DNC’s master plan to reelect Trump makes headway, say sources

“We couldn’t be happier with the progress we’ve made, particularly in the last two nights,” said a smiling Democratic National Committee chair Tom Perez. “We’ve had a well-oiled, styled plan to get the job done and we’re doing just that.” Perez referred to the latest incarnation of the Democrat’s master scheme where the 47 viable presidential candidates spent the better part of a lauded CNN debate insulting each other over things they said when they were twelve. “The way we figure it, we want to leave a final candidate to face Trump who’s so battle scared, so discredited that they stand no change in the general election.
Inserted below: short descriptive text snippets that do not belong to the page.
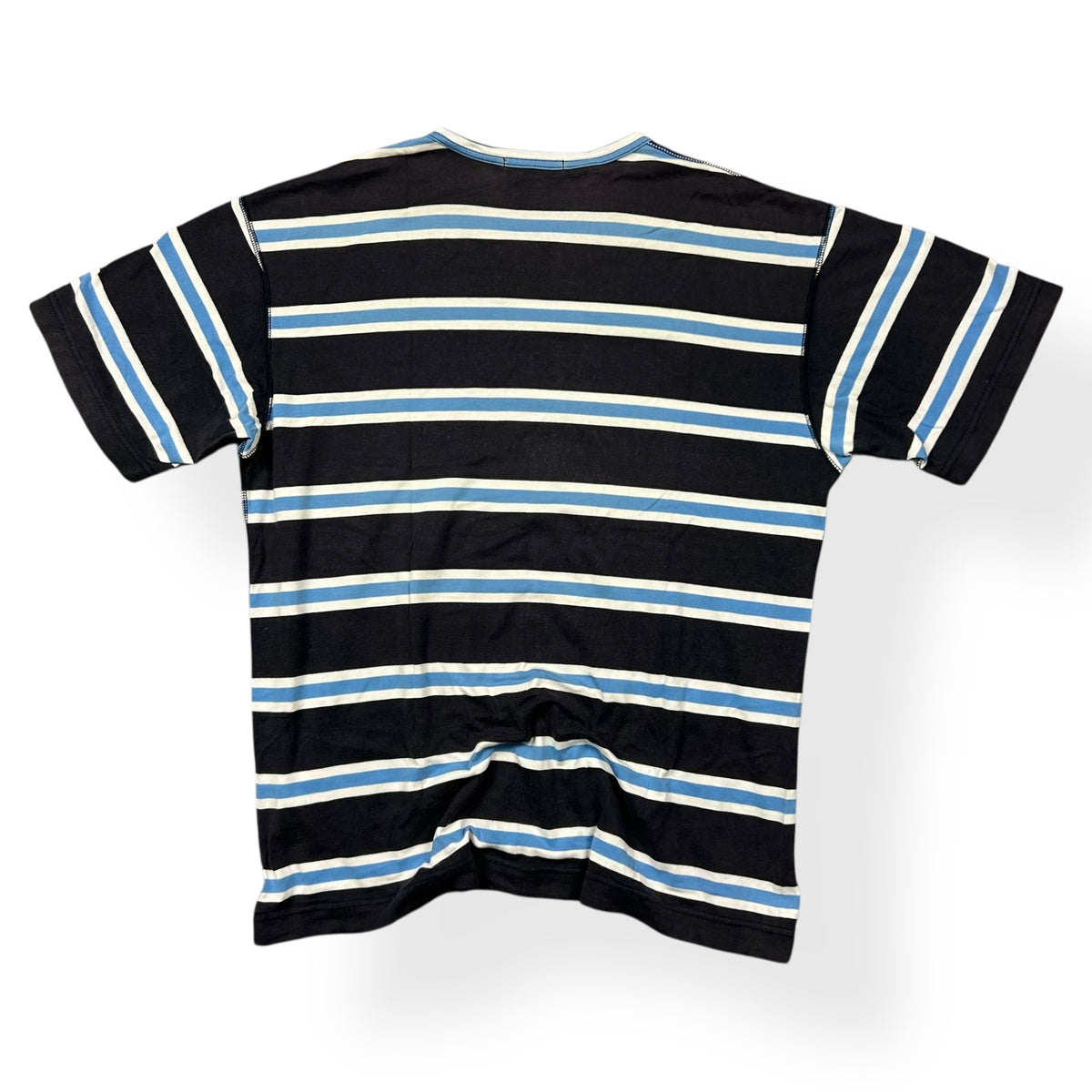 Comme Des Garcons Homme Striped T-Shirt S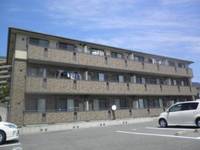 ベルフォーレ A棟の外観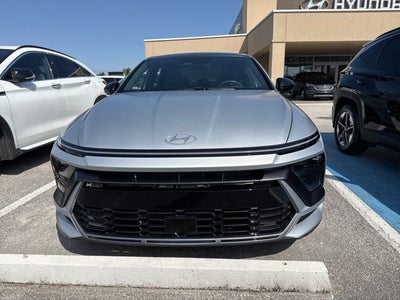 2024 Hyundai Sonata N Line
It’s the way to get the job done,” Perez commented as he donned a MAGA hat, cackling, “lots of people talk about a circular firing squad, well, we’ve got that, only each candidate has a flamethrower!” Local Democrat activists seemed most pleased with the prospect of a second Trump term. “It just warms my heart to hear our front running candidates propose policies that are both simultaneously unaffordable, making the Trump tax cuts look tame, AND also sound like lunatic fringe ideas concocted in a Moscow salon that are toxic to 84% of American voters,” said Michelle Anderson of Soho, “my friends and I couldn’t be happier with how this has played out.” Perez ended his interview early as he was offhand informed by an aide (that this reporter overheard) that the planned candidate-on-candidate sexual assault (with racists remarks included) scheme was going according to plan. Perez seemed pleased, stroking his MAGA hat as if it were a white fluffy kitty.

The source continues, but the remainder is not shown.